Алексей Писемский - Взбаламученное море
— Мирной и скорой кончины мне Бог не пошлет! — пояснял он: я очень много грешил мыслями и делом, но ты чиста и невинна…
— Я ни в чем не виновата, — подтврдила и Евпраксия.
— Ты только искупительная жертва вашего рода, — продолжал старик: — род ваш умный, честный, но жестокий: прапрадед твой был наказан дьяком в пытной палате… Дед твой в двенадцатом году, на моих глазах… я еще молодым человеком был… настиг отряд французов; те укрылись было с лошадьми в церковь деревянную и потом сдавались, просили пощады, но он не послушался и всех их сжег за оскорбление храма.
Выражение лица Евпраксии как бы говорило, что дед хорошо сделал, что сжег.
— Я для себя ничего уж не желаю и не прошу, и молюсь только за детей.

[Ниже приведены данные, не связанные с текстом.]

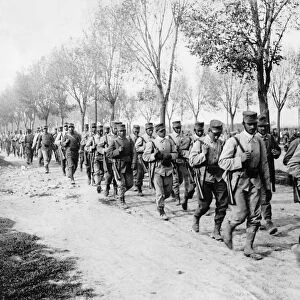 Italian troops march through Rome while waiting for the declaration of the World War I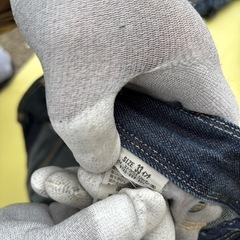 Levi’sの名作「ENGINEERED JEANS」シリーズ👖 立体裁断シルエットで脚長効果もあり、1999年登録モデルのデザイン✨ サイズは33インチ、メンズM〜L相当です。 濃いめのインディゴで、状態も◎ Levi’s好き・ヴィンテージ好きにおすすめ！ ガレージフリマで実物チェックOKです🙌の画像
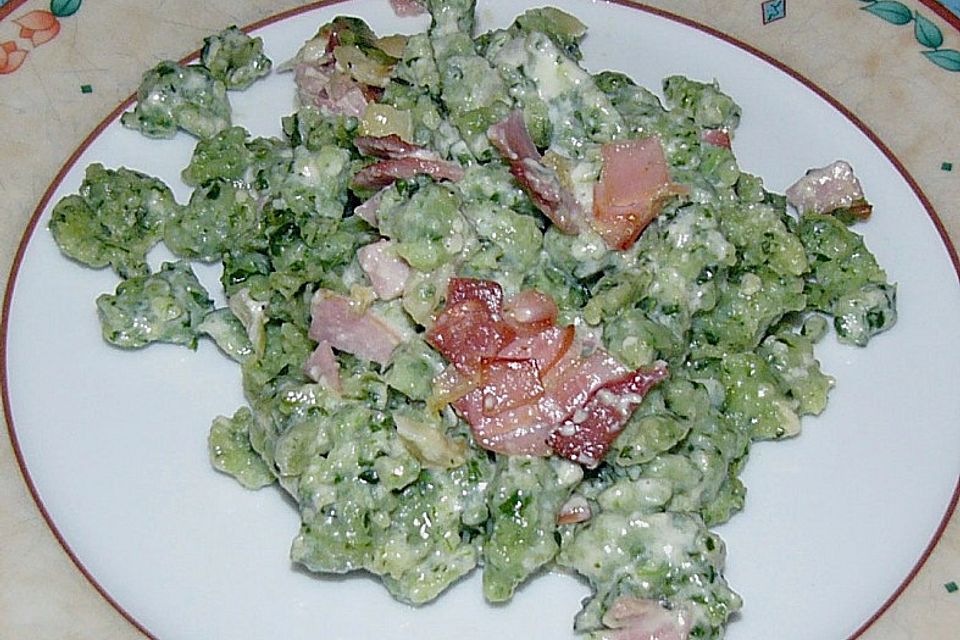 Spinatspätzle mit Gorgonzolarahmsoße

— И молись больше!.. Молитва — великое дело… молитва разрушает и созидает города и повелевает стихиями; когда на Устюг шла каменная туча, весь народ по церквам молился и коленопреклонствовал, ничто не отвращало гнева Божья; но стал молиться преподобный Прокопий, растерзал на себе ризы, всплакал кровавыми молитвенными слезами, Бог его услышал…
Евпраксия слушала; она и сама в это время вряд ли не шептала про себя молитвы.
— Я к вам дня через два опять заеду, — сказала она и встала, заметив, что старик сильно утомился, так что у него лицо как бы несколько перекосилось и голова склонилась на подушку.
— Прощай, голубица! — проговорил он.
Евпраксия поцеловала у него руку.
Евсевий Осипович перекрестил ее.
В зальце Евпраксию остановила горничная Евсевия Осиповича, та самая, которую и мы знаем и которая с тех пор только очень пополнела…
— Вчера-с с ним ночью очень дурно было… Боюсь, чтоб и сегодня чего не случилось.
— Главное, чтобы причастить и исповедать успеть, — отвечала на это спокойно Евпраксия.
— Это-то успеем; священник в нашем доме живет — сказала горничная.
— Только это! — повторила Евпраксия и с тем же печальным лицом, какое имела, села в карету и поехала.
Перед Казанским собором она начала креститься и продолжала это до самой квартиры.
Дома она нашла: мать, тоже в черном платье и с печальным лицом, сидевшую за средним столом; мужа, скучавшего вдали в креслах, и Варегина, который стоял и грелся у камина. Последний был по-прежнему спокоен и солиден…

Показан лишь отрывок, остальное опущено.